La dichiarazione sostitutiva regolata dalla legge 4 gennaio 1968 n. 15 può attenere, oltre che a stati e qualità personali, ai quali fa riferimento l'art. 2, anche a fatti, cioè a ogni situazione concreta ed obiettiva attinente a persone o a beni, di cui il dichiarante affermi di essere direttamente a conoscenza, poiché l'ambito di operatività previsto dall'art. 4 è più ampio di quello previsto dall'art. 2. Né ha alcun rilievo che il funzionario che riceve l'atto e vi appone l'autenticazione della sottoscrizione, non sia competente o espressamente delegato a tale funzione, o che i timbri posti in calce al documento non facciano alcun riferimento a tale delega potendosi escludere la falsità solo quando, essendo l'organo o l'ente nell'ambito del quale il funzionario stesso opera del tutto sfornito di competenza in tal senso, debba parlarsi di inesistenza dell'atto medesimo. (Nell'affermare il principio di cui in massima la Corte ha precisato che integra gli estremi dell'art. 483 c.p. la falsa dichiarazione sostitutiva di un atto di notorietà presentata al capo dell'ufficio tecnico del comune con la quale l'interessato attesta l'esistenza pluriventennale di un manufatto edilizio).

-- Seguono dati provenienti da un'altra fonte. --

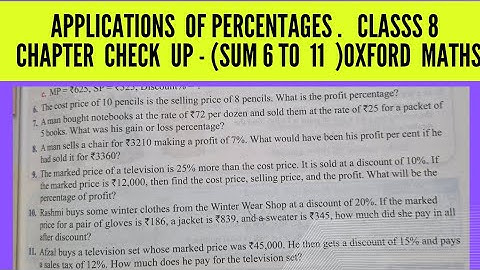 Chapter Check Up  ( Sum 6 to 11). Chp 10 Applications of Percentages. Class 8 Oxford Maths.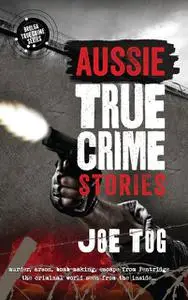«Aussie True Crime Stories» by Joe Tog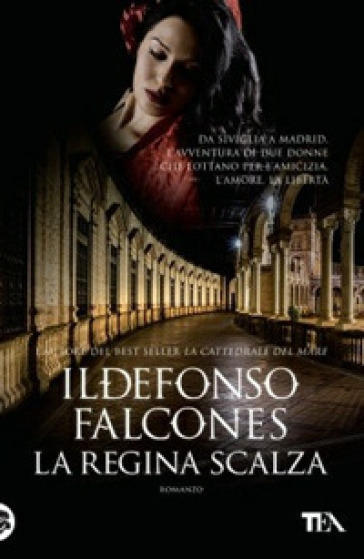 La regina scalza - Ildefonso Falcones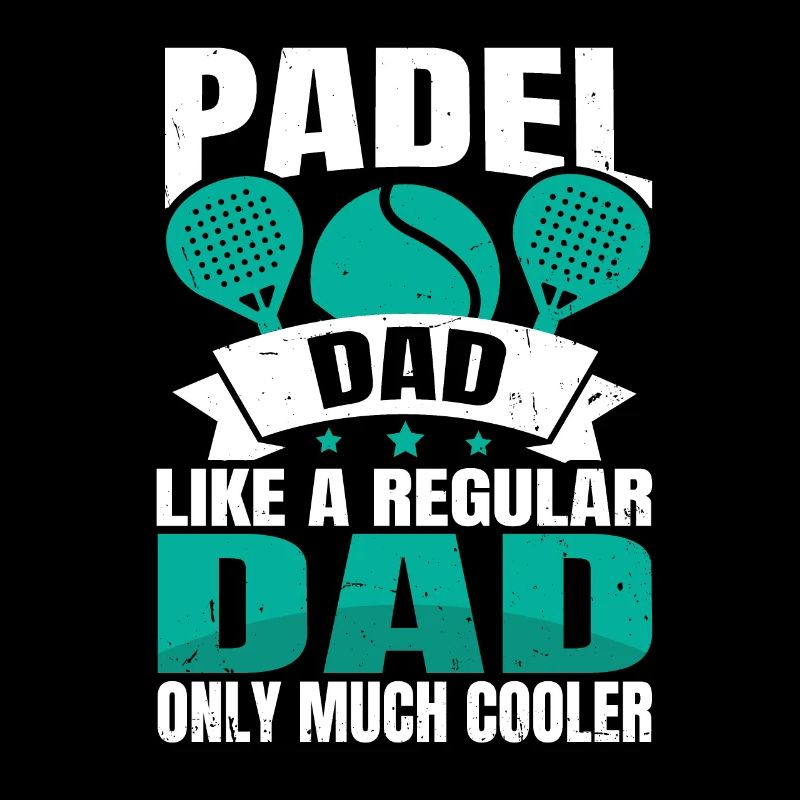Cool Padel Dad Padel Player Father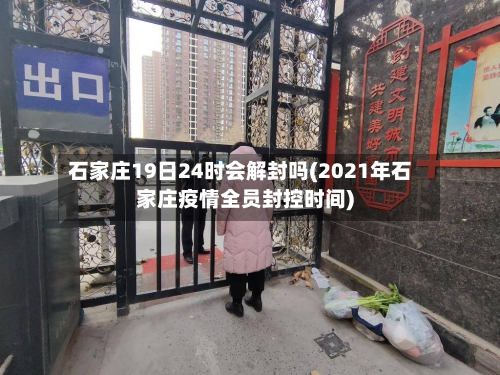 石家庄19日24时会解封吗(2021年石家庄疫情全员封控时间)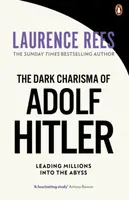 The Dark Charisma of Adolf Hitler - Laurence Rees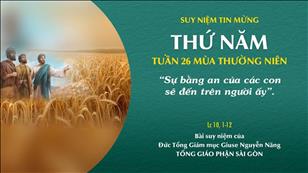 TGP Sài Gòn - Suy niệm Tin mừng: Thứ Năm tuần 26 mùa Thường niên (Lc 10, 1-12)
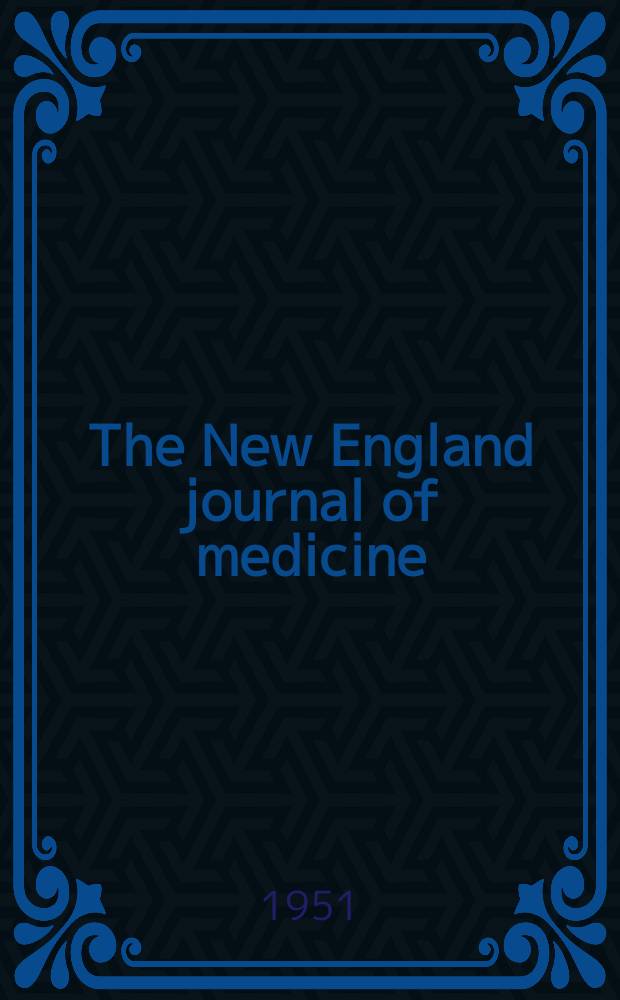 The New England journal of medicine : Formerly the Boston medical a. surgical journal. Vol. 244, № 2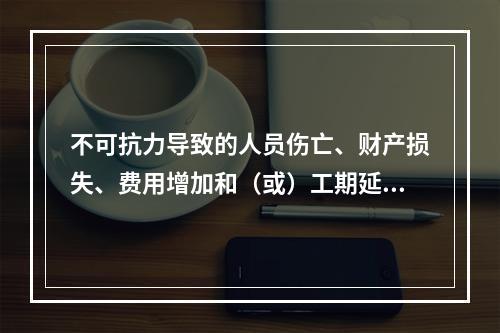 不可抗力导致的人员伤亡、财产损失、费用增加和（或）工期延误等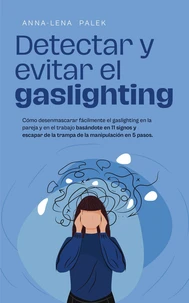 Detectar y evitar el gaslighting Cómo desenmascarar fácilmente el gaslighting en la pareja y en el trabajo basándote en 11 signos y escapar de la trampa de la manipulación en 5 pasos.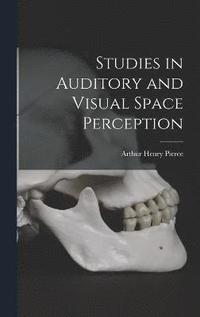 bokomslag Studies in Auditory and Visual Space Perception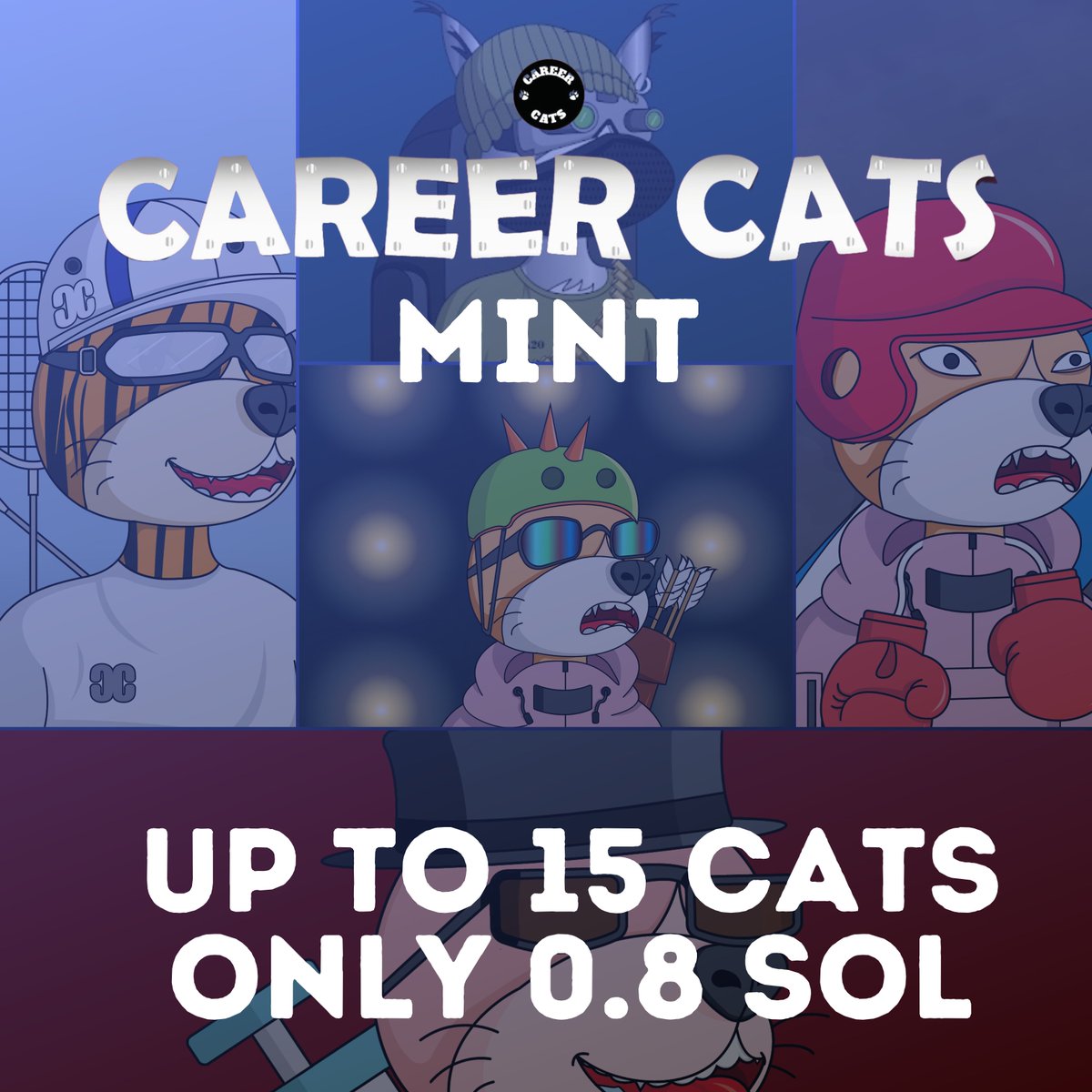 MINT INFORMATION! 👇

You will be able to mint up to 1️⃣5️⃣ CareerCats for as low as 0.8 SOL! 🙀

Hopefully, your cat will not belong to the Claw Enforcement.  You might get lucky with an ultra-rare Astronaut?! 🍀

#NFTCommunity #Solana #CatsLover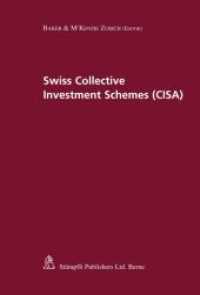 Swiss Collective Investment Schemes (CISA) (f. Switzerland) : Ed.: Baker & McKenzie Zürich （1., Aufl. 2009. XXXIV, 228 S.）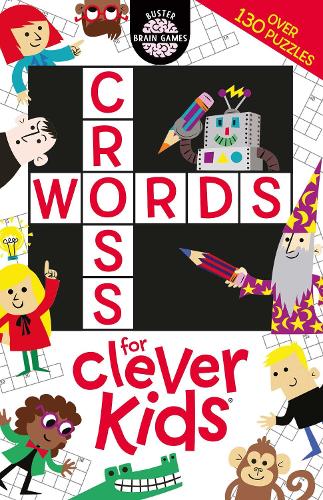 Crosswords for Clever Kids - Buster Brain Games (Paperback)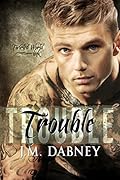 Trouble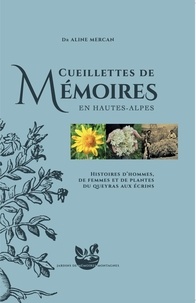 Aline Mercan - Cueillettes de mémoires en Hautes-Alpes - Histoires d'hommes, de femmes et de plantes du Queyras aux Ecrins.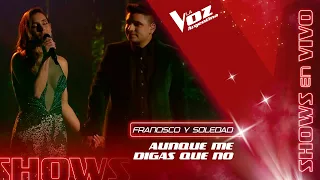 Francisco Benítez y Soledad - “Aunque me digas que no” - La gran final – La Voz Argentina 2021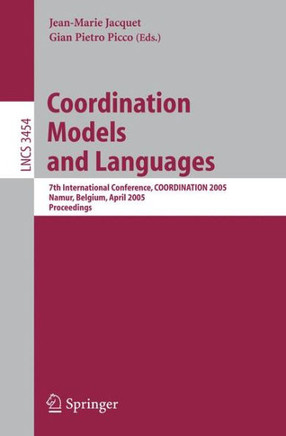 Coordination Models and Languages: 7th International Conference, Coordination 2005, Namur, Belgium, April 20-23, 2005, Proceedings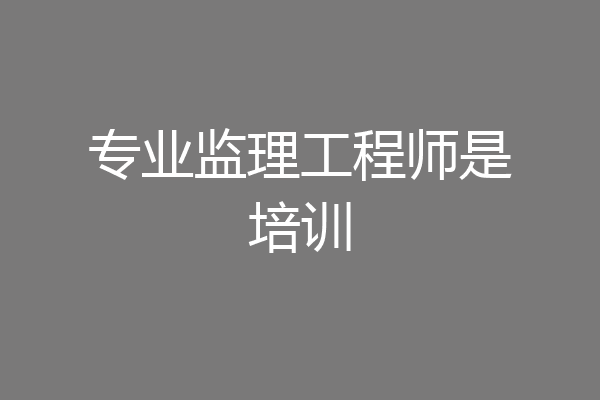 专业监理工程师是培训
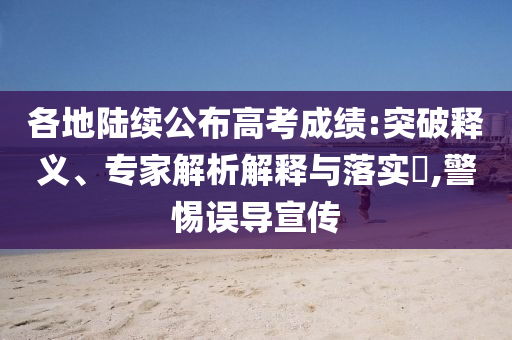 各地陸續公布高考成績:突破釋義、專家解析解釋與落實?,警惕誤導宣傳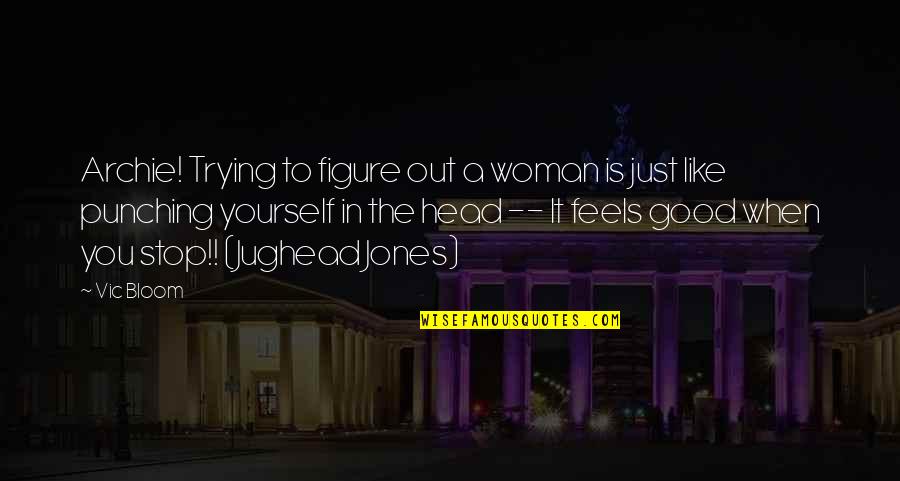 Mcmurran Farm Quotes By Vic Bloom: Archie! Trying to figure out a woman is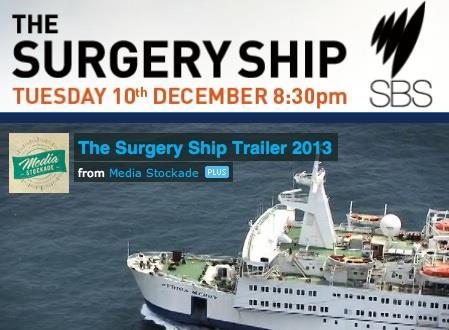 The Surgery Ship Documentary This documentary will premiere on SBS at 8.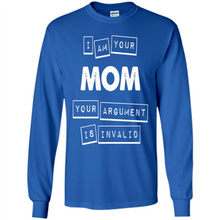 Load image into Gallery viewer, Argument Invalid Mom Mother’s Day - Long Sleeve T-Shirt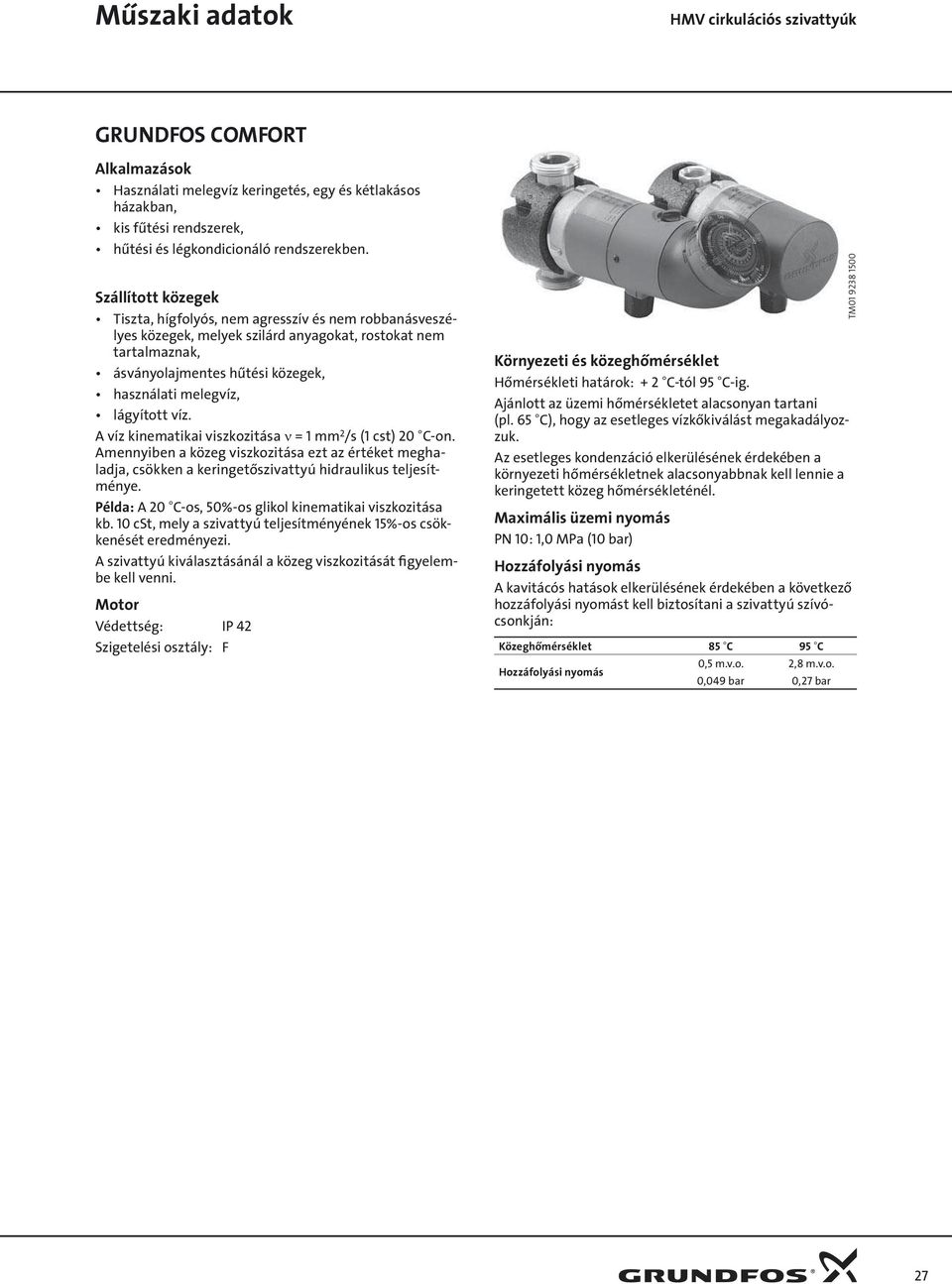 lágyított víz. A víz kinematikai viszkozitása ν = 1 mm 2 /s (1 cst) 20 C-on. Amennyiben a közeg viszkozitása ezt az értéket meghaladja, csökken a keringetőszivattyú hidraulikus teljesítménye.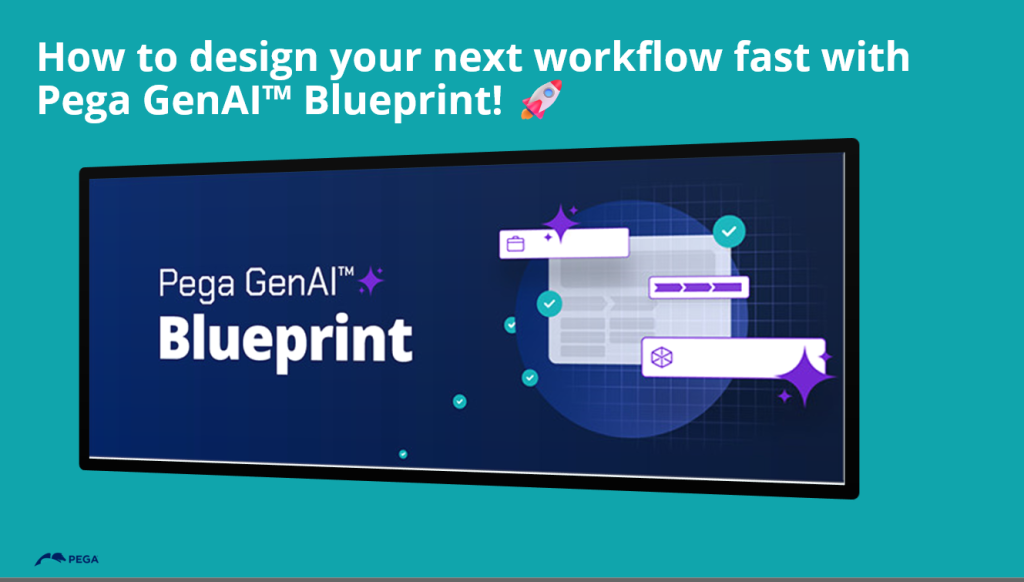 How to design your next workflow fast with Pega GENAI Blueprint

    Cass. pen., sez. V, 20 dicembre 1996, n. 10877 (ud. 30 settembre 1996), Trevisan.


L'atto di riconoscimento di figlio naturale, meramente facoltativo, non è diretto ad attestare la verità della procreazione del figlio, ma a creare un titolo di stato prima inesistente; ne consegue che la falsità riguarda il fatto materiale della procreazione delle persone riconosciute e non già il loro stato.

    Cass. pen., sez. V, 23 gennaio 1970, n. 101, Barni.


Il riconoscimento di figlio naturale costituisce una dichiarazione di scienza rivolta a conferire certezza al fatto della procreazione, di cui è destinato a provare la verità. Commette, pertanto, il delitto di falsità ideologica in atto pubblico (art. 483 c.p.) il privato che effettui falsa dichiarazione di paternità naturale in un atto ricevuto da notaio.

    Cass. pen., sez. V, 11 gennaio 1995, n. 149 (ud. 24 ottobre 1994), P.M. in proc. Fieno ed altro.


Concorre nella materialità del delitto di falsità ideologica di cui all'art. 483 c.p. il notaio che riceve la dichiarazione non veritiera di riconoscimento di figlio naturale. (Fattispecie nella quale numerosi cittadini somali ed etiopi, allo scopo di conseguire la cittadinanza italiana, si erano fatti...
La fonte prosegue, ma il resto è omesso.